■ TASK TO CARRY OUT:
Word for word, restate every record, though not the pictures.

■ DATA PROVIDED:
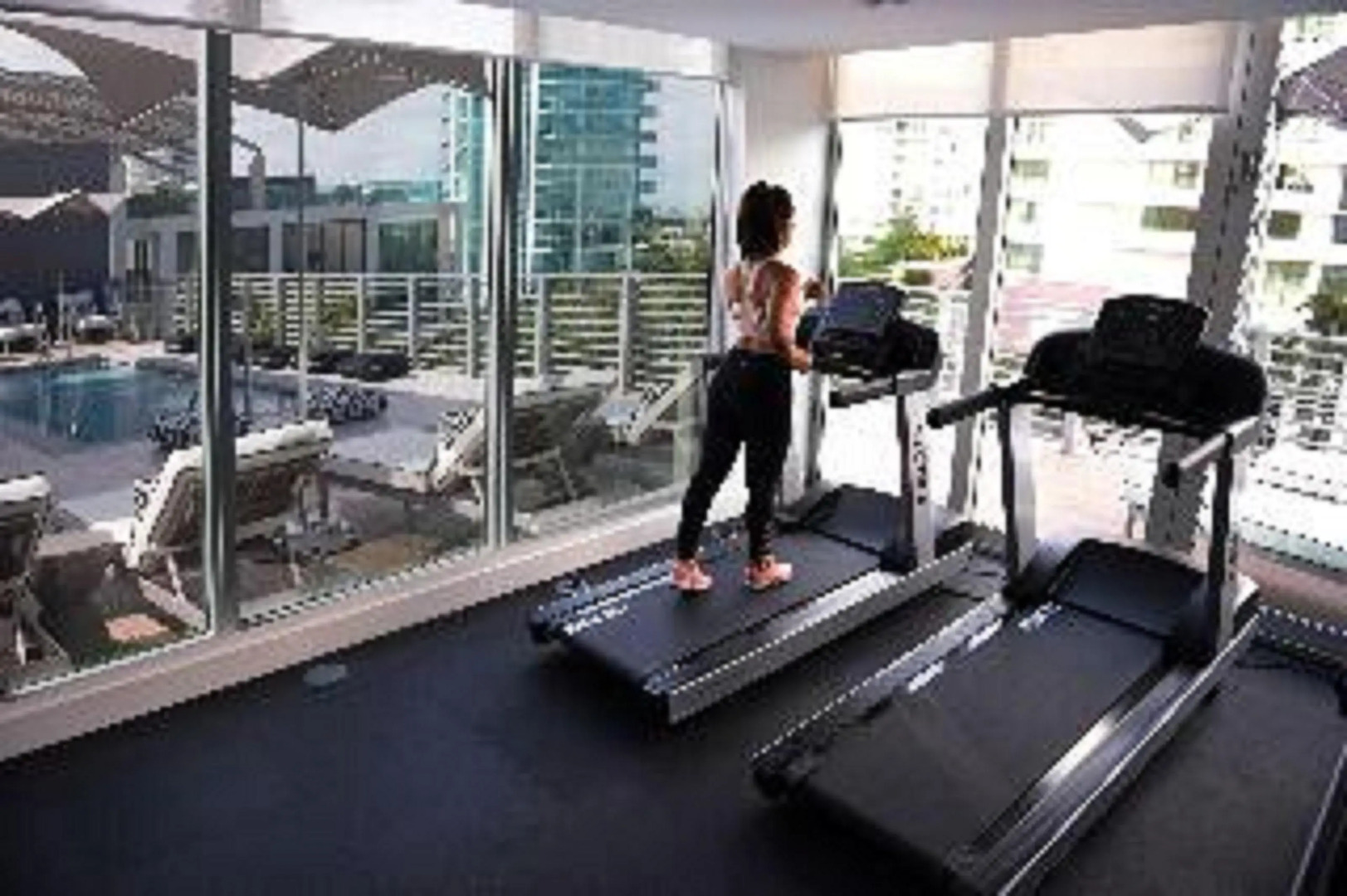 Foto - 6080 Design Hotel by Eskape Collection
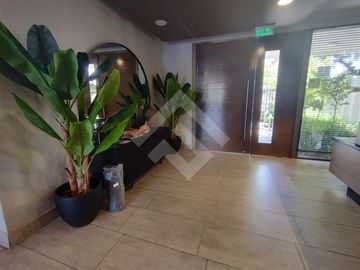 Departamento en Venta en Las Dalias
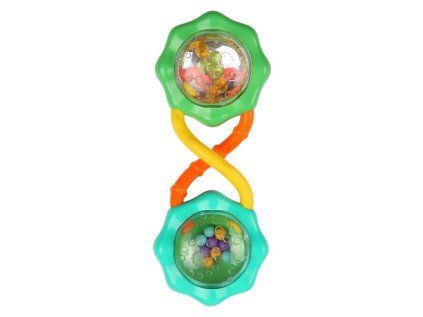 1416935 bright starts hrkalka cinka 3m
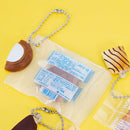 地元パン® ミニミニスクイーズ 第5弾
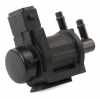 RIDEX Druckwandler Turbolader Umschaltventil für VW Golf 1V Schrägheck (1J1) Bild RIDEX Druckwandler Turbolader Umschaltventil für VW Golf 1V Schrägheck (1J1)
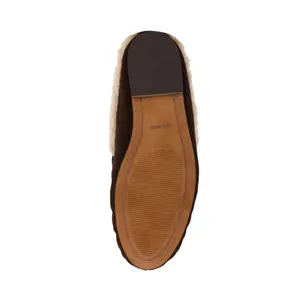 Women's clogs Steve Madden Rafe-F image-6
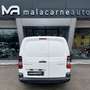 Peugeot Partner BlueHDi 100 L1 Furgone Premium PASSOLUNGO + IVA Bianco - thumbnail 6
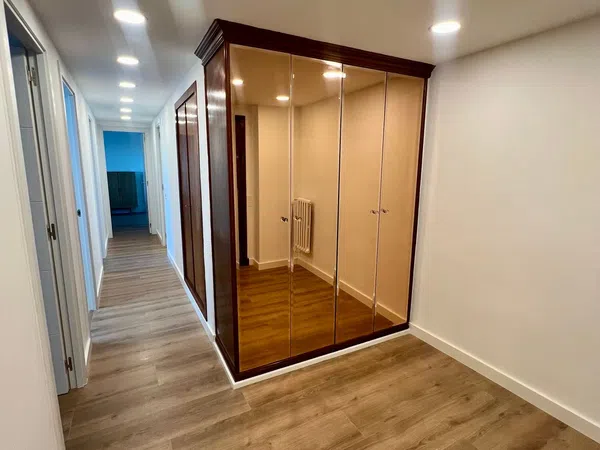 Piso en plaza de Santo Domingo, 14 - Foto 25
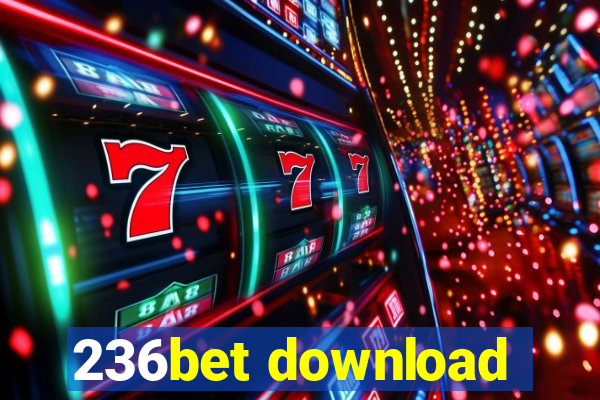 236bet download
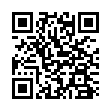 QR kód na túto stránku velky-krtis.oma.sk u bozeny-nemcovej 32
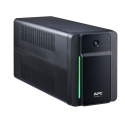 APC Back-UPS, 1600VA, Tower, 230V, 4x CEE 7/7 Schuko outlets, AVR APC Back-UPS, 1600VA, Tower, 230V, 4x CEE 7/7 Schuko outlets, AVR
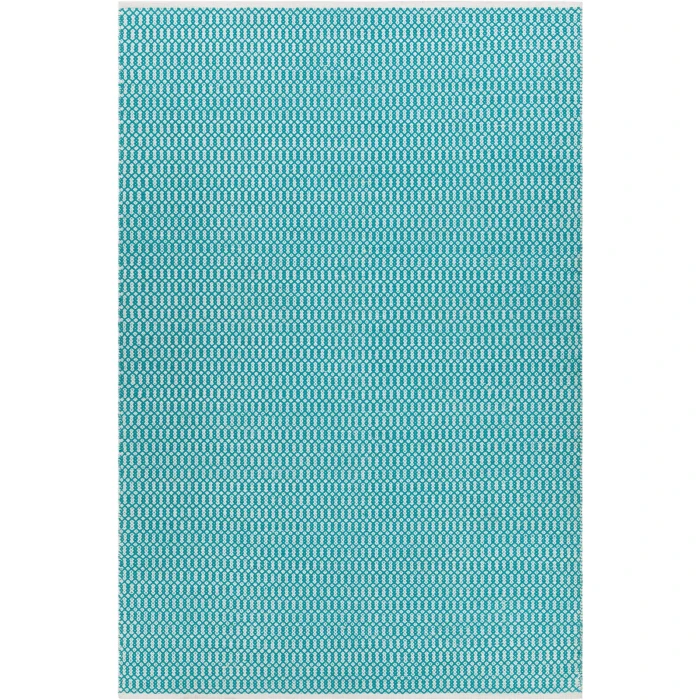 Chandra TANYA TAN-45932 7 ft. 9 in. X 10 ft. 6 in. Rect. Rug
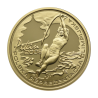 zlota-moneta-200-zl-igrzyska-xxix-olimpiady-pekin-2008-rewers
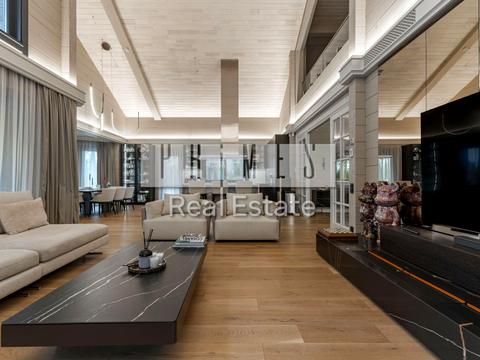 будинок за адресою смт. Козин, Старокиївська вул.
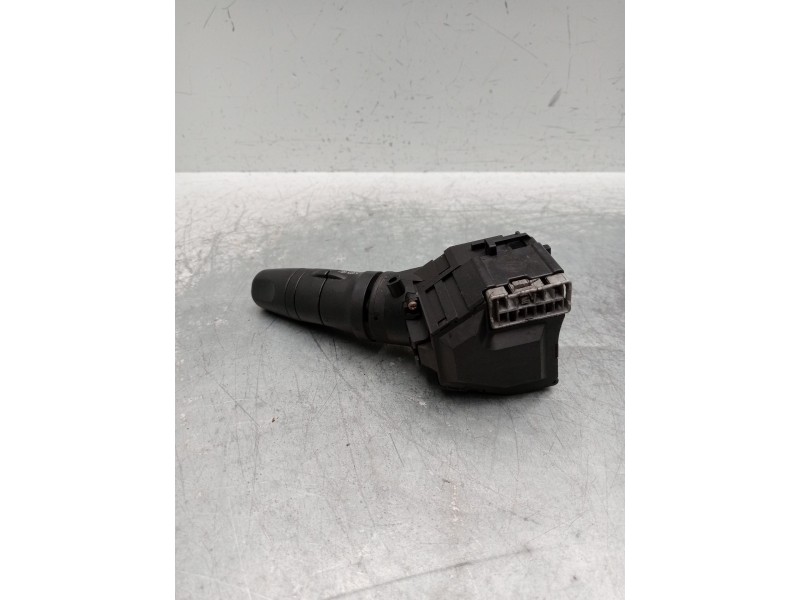 Recambio de mando limpia para nissan micra ii (k11) 1.0 i 16v referencia OEM IAM 25260av781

■ EXERCISE ANSWER:
 Foto - 6080 Design Hotel by Eskape Collection
 Departamento en Venta en Las Dalias
 1416935 bright starts hrkalka cinka 3m
 地元パン® ミニミニスクイーズ 第5弾
 RIDEX Druckwandler Turbolader Umschaltventil für VW Golf 1V Schrägheck (1J1) Bild RIDEX Druckwandler Turbolader Umschaltventil für VW Golf 1V Schrägheck (1J1)
 Women's clogs Steve Madden Rafe-F image-6
 Peugeot Partner BlueHDi 100 L1 Furgone Premium PASSOLUNGO + IVA Bianco - thumbnail 6
 Piso en plaza de Santo Domingo, 14 - Foto 25
 236bet download
 QR kód na túto stránku velky-krtis.oma.sk u bozeny-nemcovej 32
 APC Back-UPS, 1600VA, Tower, 230V, 4x CEE 7/7 Schuko outlets, AVR APC Back-UPS, 1600VA, Tower, 230V, 4x CEE 7/7 Schuko outlets, AVR
 Chandra TANYA TAN-45932 7 ft. 9 in. X 10 ft. 6 in. Rect. Rug
 zlota-moneta-200-zl-igrzyska-xxix-olimpiady-pekin-2008-rewers
 будинок за адресою смт. Козин, Старокиївська вул.
 Recambio de mando limpia para nissan micra ii (k11) 1.0 i 16v referencia OEM IAM 25260av781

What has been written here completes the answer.